Executor/Job: Generalize the use of artifacts
Right now, the only artifacts usable in CI-tron are a kernel, an initramfs, and containers (through the pull-through registries). This is however a little too limiting outside of x86 DUTs where boot methods are more... diverse.
In order to provide power to the CI-tron users without ending up with layer violations, I think we should allow users to expose artifacts through multiple means, via the job description.

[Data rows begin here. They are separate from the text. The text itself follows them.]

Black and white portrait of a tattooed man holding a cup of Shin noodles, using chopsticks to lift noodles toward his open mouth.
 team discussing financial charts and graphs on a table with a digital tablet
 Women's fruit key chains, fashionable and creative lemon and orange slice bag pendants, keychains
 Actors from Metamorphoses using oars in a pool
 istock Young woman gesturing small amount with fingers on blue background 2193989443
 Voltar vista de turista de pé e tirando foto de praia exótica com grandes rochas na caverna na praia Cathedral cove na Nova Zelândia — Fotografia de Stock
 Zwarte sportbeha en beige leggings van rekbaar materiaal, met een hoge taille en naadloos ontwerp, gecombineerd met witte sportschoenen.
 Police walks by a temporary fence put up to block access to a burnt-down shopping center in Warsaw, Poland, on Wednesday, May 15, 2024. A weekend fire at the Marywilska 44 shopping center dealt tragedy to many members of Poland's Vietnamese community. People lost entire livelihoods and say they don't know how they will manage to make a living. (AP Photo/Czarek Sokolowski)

Here is an example of how it could look like:
[...]
deployment:
# Initial boot
start:
kernel:
url: "{{ minio_url }}/test-kernel"
cmdline:
- b2c.container="docker://{{ pull_thru_registry }}/infra/machine-registration:latest check"
- b2c.ntp_peer="ci-gateway" b2c.pipefail b2c.cache_device=auto
- b2c.container="-v /container/tmp:/storage docker://10.42.0.1:8002/tests/mesa:12345"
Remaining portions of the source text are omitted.